“Finally,” Serrin said to himself quietly as the massive walls of the city shimmered out of the haze in front of him. “And no thanks to those others,” he added bitterly.
The barred gate in the wall was raised slightly, which Serrin considered an invitation, and was confirmed when no one stopped him from ungracefully sliding under it.
The fact that there seemed to be no one else anywhere only made Serrin feel better about the journey.
The continent wasn’t the largest on the planet, but it did have the vast majority of the population; some 300 million; almost 3/4s of the total. For generations they had all lived on the coast, being forced further and further out due to changing climate conditions.
Of course, the older generation – although still too young to have lived in the interior themselves – spun stories of a race of people living happily in the desert who had forced the others out. Whether or not this was true was irrelevant, as the desert had been uninhabitable for so long, no one even cared if someone was living there – they couldn’t, end of discussion.
Serrin had grown up on the coast in one of the mega cities. He had learned in school about the desert and how it was uninhabitable. He remembered wondering why they couldn’t just fix it. In his questioning about this, everyone just told him it couldn’t be done which only made him more sure that it could be done.
As he grew to adulthood this stubbornness, or refusal to accept reality, as some people called it, turned into an obsession. He wrote many books on his plans to traverse the desert and how the desert wasn’t as uninhabitable as everyone was assuming. This was enough to fund his obsession and also gain him enough infamy to tour through the cities and find anyone else who agreed with him or who was willing to support him.
It was one such tour, supporting his latest book, where someone approached him at the hotel bar where he was having a few drinks after a day of speaking engagements.
“Serrin,” a male voice said tonelessly beside him.
“Your book has some interesting ideas.”
“I think so, yeah,” Serrin replied, suspicious of the stranger who was sitting at the bar not drinking.
“Do you really think there is a civilisation living in the desert?”
“I think it’s possible and the constant denial or refusal to entertain the idea is dangerous.”
“And if you had the funding to travel into the desert?”
“I would leave tomorrow. I don’t know what I’d find, but I would put money on something unexpected.”
“I might be able to help you with that,” the stranger said handing Serrin a small business card which was printed with ‘kle consultants’ and a phone number. Serrin looked up at where the man had been sitting, but he had already gone.
After a long sequence of back and forth phone calls which, according to the various people on the other end, were a vetting system, Serrin finally got an address to meet with the reclusive leader of the organisation, the person known as KLE.

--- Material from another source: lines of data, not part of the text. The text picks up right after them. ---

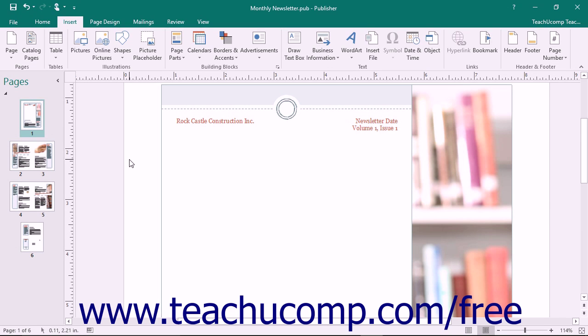Word art is text that is created and formatted as if it were a shape. Therefore you can use many of the same formatting techniques and styles that you use when formatting shapes to also modify word art.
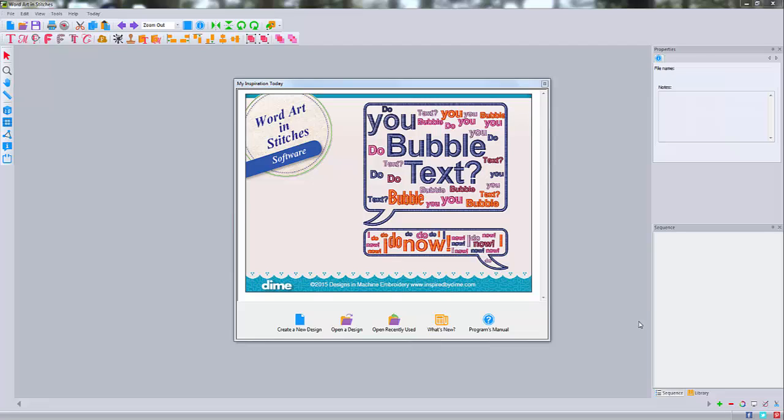Hi everybody, it's Brad. In this video we're going to learn to create a custom shape for our bubble text in WordArt and Stitches program from Designs and Machine Embroidery.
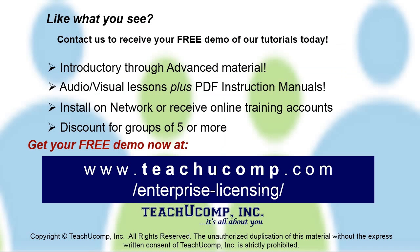Like what you see? Get a free demo of our training for groups of five or more at www.TeachYouComp.com/enterprise-licensing.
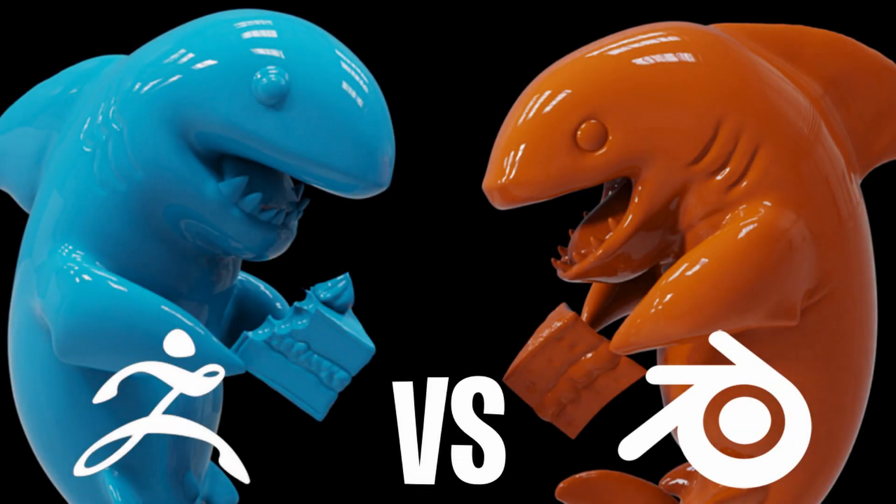Hey, welcome back. My name is Al. Today I have another ZBrush vs. Blender sculpt for you.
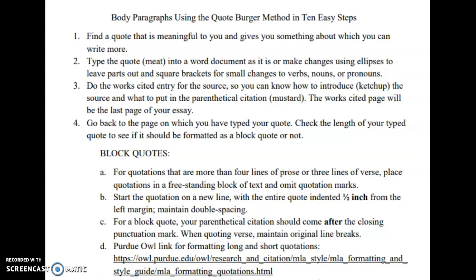When I am preparing to write an essay, the first thing I need to do is get comfortable with what other people are saying about the topic — that means I have to do the research first. As I'm doing my research, I write down, highlight, or copy and paste to a Word document the quotations from those sources that make me think, either 'I don't agree with that' or 'I absolutely agree with that.' Either way, I want quotations from the sources that I can be in conversation with.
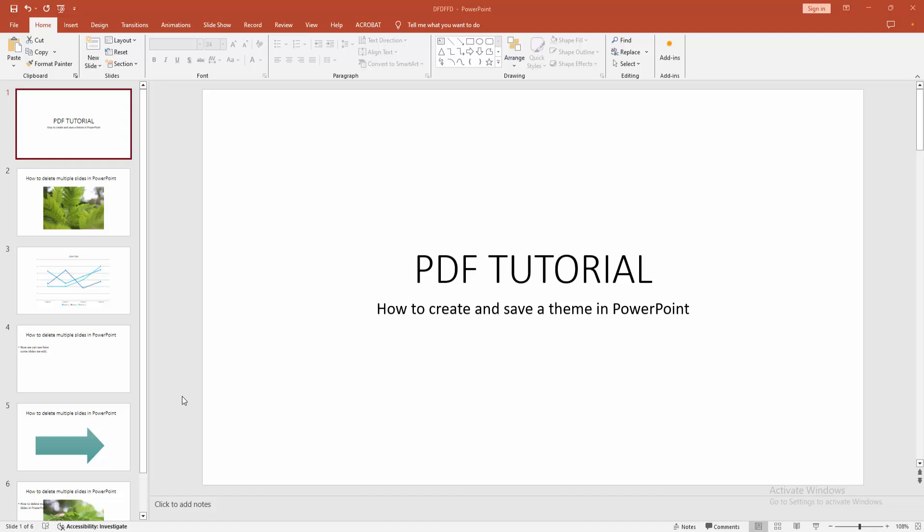Hello friends, how are you? Welcome back to my another video. In this video I am going to show you how to create and save a theme in Microsoft PowerPoint. Let's get started. At first you have to open a PowerPoint presentation.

Serrin was led through a large mansion to the back yard where a large oak tree covered a significant portion of the yard in shadow. An old man sat under the tree in a reclining chair. His eyes were closed and a small grin curled on his lips. “Hello, Serrin,” he said the instant he was in earshot.

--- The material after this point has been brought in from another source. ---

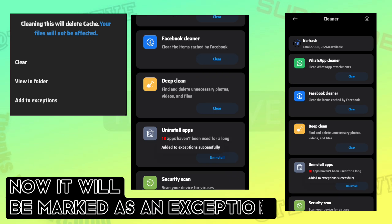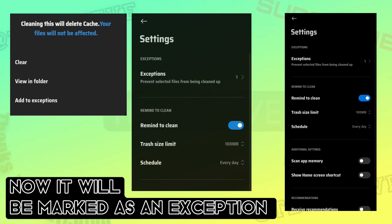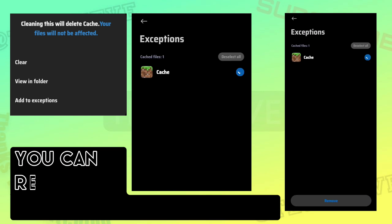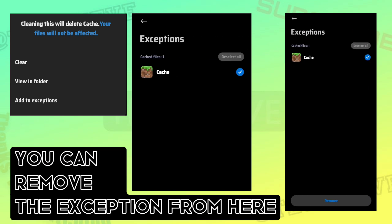Now it will be marked as an exception. You can also remove the exception from here.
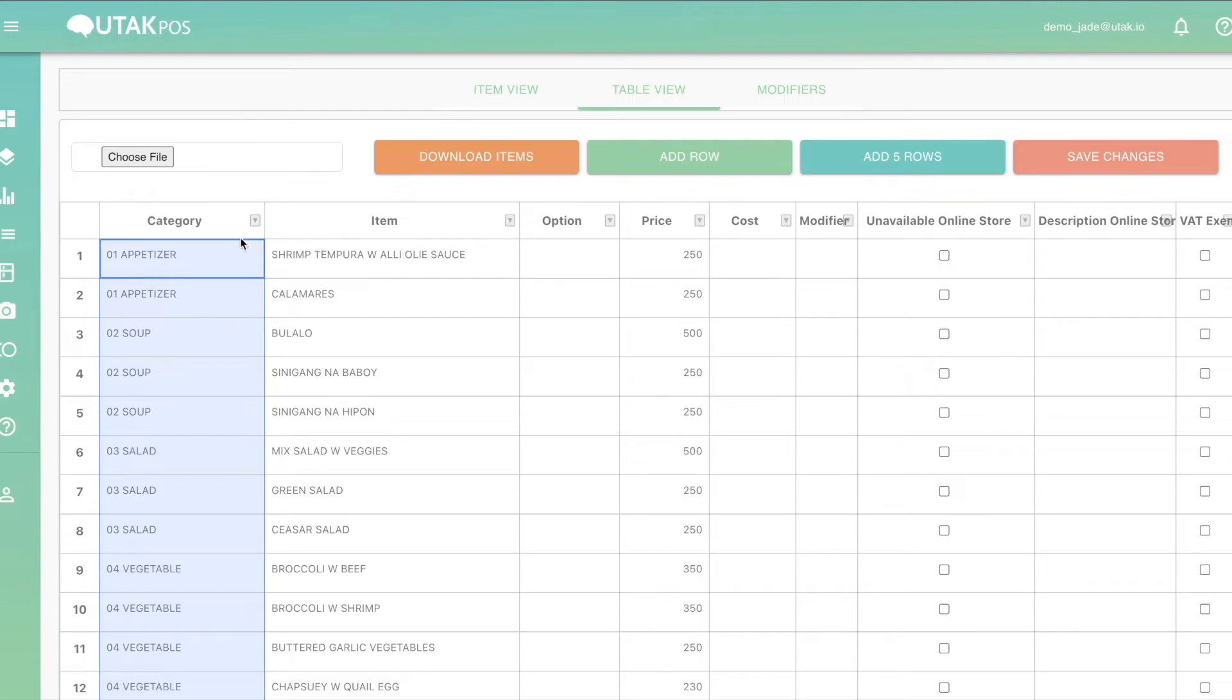Existing categories will be shown on the leftmost column. In this case, our first category is Appetizer.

“Hi,” Serrin said slightly uneasily. “You’re KLE?”
“And you can help me traverse the desert?”
“What are your terms?”
“Hmm, I hadn’t really considered any terms. What do you think is appropriate?”

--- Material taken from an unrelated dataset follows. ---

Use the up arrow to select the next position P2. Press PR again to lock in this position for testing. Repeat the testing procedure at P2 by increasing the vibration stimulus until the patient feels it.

“You’re willing to help me for no return on your end?”
“Oh, I never said that. But I’m sure we can come to some arrangement upon your return.”
“I don’t see how that makes sense.”
“Are you uninterested? I’m led to believe this is something of a life goal for you.”
“No no, I’m just not used to being offered something like this. These ideas of mine aren’t exactly mainstream.”
“The opinions of others are of no concern to me. I’m just interested in seeing some ideas followed through to their conclusion. In this instance, the exploration of the desert.”
“And I would owe you something later?”
“That’s a crude way of putting it, but essentially accurate.”
“Well, if you’re serious, I have a list of things I require.”
“My assistant will introduce you to people who can assist you in whatever you need. Plus the team who will accompany you across the desert.”
“Call it part of my terms. There are half a dozen people all trained and waiting to head out. You will be the leader of the expedition. This is non-negotiable.”
“I guess I have no choice then,” Serrin said, already planning around this.
It took another six or so months before the expedition was ready to leave. Each step of the way, Serrin made sure that the public knew about it. He would do interviews and publicise everything they did to prepare for the journey, including in-depth profiles on all of KLE’s people. He hadn’t seen KLE since that afternoon under the tree, and he was trying to push his buttons; to see what would get him to say something about the expedition or Serrin’s behaviour, but despite everything Serrin did, KLE stayed quiet.
Then, seemingly out of nowhere, they were ready. The packs were packed and the team was assembled at the edge of the desert. They all said their farewells and headed out into the sand.
KLE’s people, of course, were there to ensure that when Serrin returned, he was honest about what happened out there. Serrin had added a few of his own people to the mix though, and he hoped that it was enough to make sure that his ideals weren’t compromised when they found whatever there was to find out there.